Heh. I’ve just spent a couple of frenzied hours scouring the web for video writing courses. I quickly found and bought a class on polishing your writing, and I watched half the course before I realised I wasn’t looking for knowledge on craftsmanship – I was looking for something to get the words OUT.

I resumed the search for courses and found one that seemed promising. Instead of going into the mechanics of writing, it covered the anxieties that writers face. Y’know, ‘How much should I reveal of myself?’, ‘How do I overcome the crippling self-doubt?’, and so on. Still, I wanted to be careful with spending more money, so I found a way to phrase my problem and googled it instead. A Quora page named ‘Why does my mind go blank when I’m about to write?’ caught my interest, and I read some of the answers.

Now I’m writing.

I’ve done this a lot over the years: I’ve felt the need to write URGENTLY, been paralysed by the thought that I have no ideas, and started hunting for something that’ll drag something – whatever – out of my head. It’s like I just stopped knowing my own mind. Of course I know my interests, but when I want to write about them my mind just goes blank.

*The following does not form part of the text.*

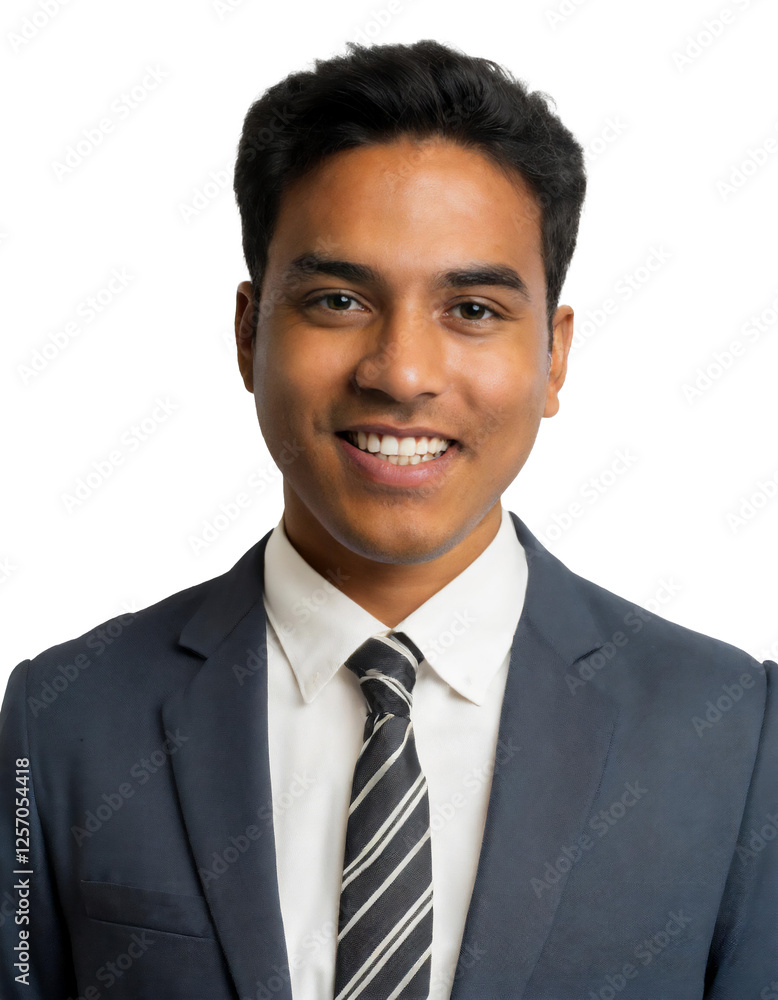 Portrait of only one Man. White Background. Portrait of only one Man. White Background.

It scares me how willing I was to throw money at whatever seemed helpful just now, when the answer was free and took me moments to find. It reveals just how horrifying I find it when my mind goes blank. When I want to write, but can’t. Or think I can’t.

So what was the answer that allowed me to finally write tonight? It was this:

If you are of the first type (like me), it typically helps to have a mood, style, image or even a fragment of language swirling through your mind as you sit to write. It could be from a novel you are just reading, something you just witnessed, a piece of music you heard, a movie you saw or even a deep emotional spike you just had (anger, fear, laughter, frustration, etc). These typically evoke responses that are usually framed by the ‘feel’ (for lack of a better word) and sets the mood for what you write. I always rely on music to drive the feel of what I write. There are numerous other hacks too. For example, you could pick the first word you come across at random and begin to construct a sentence in the broad framework of what you are looking to write. The first few words don’t matter except they serve as the base from which you either build on naturally or decide to throw it away and retype different ‘first few words’.

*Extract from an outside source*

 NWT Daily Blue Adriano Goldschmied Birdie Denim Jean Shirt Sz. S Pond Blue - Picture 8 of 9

Yep. I keep coming back to this idea of using a tiny fragment to work with. Every time I’m reminded of this technique, I get writing. It’s like my rigid ideas about structure and story planning and sentence structuring and captivating the audience and BLAH BLAH just melts away. Holy crap, does it feel good. I need to put that quote on a post-it and hang it on the fridge.

I can’t believe I almost spent 40 dollars on help I found for free on Google, guys.

Moral of the story: Don’t panic. Get back to basics. Start with the very first building block.

Don’t spend 40 dollars on writing courses until you’ve calmed down.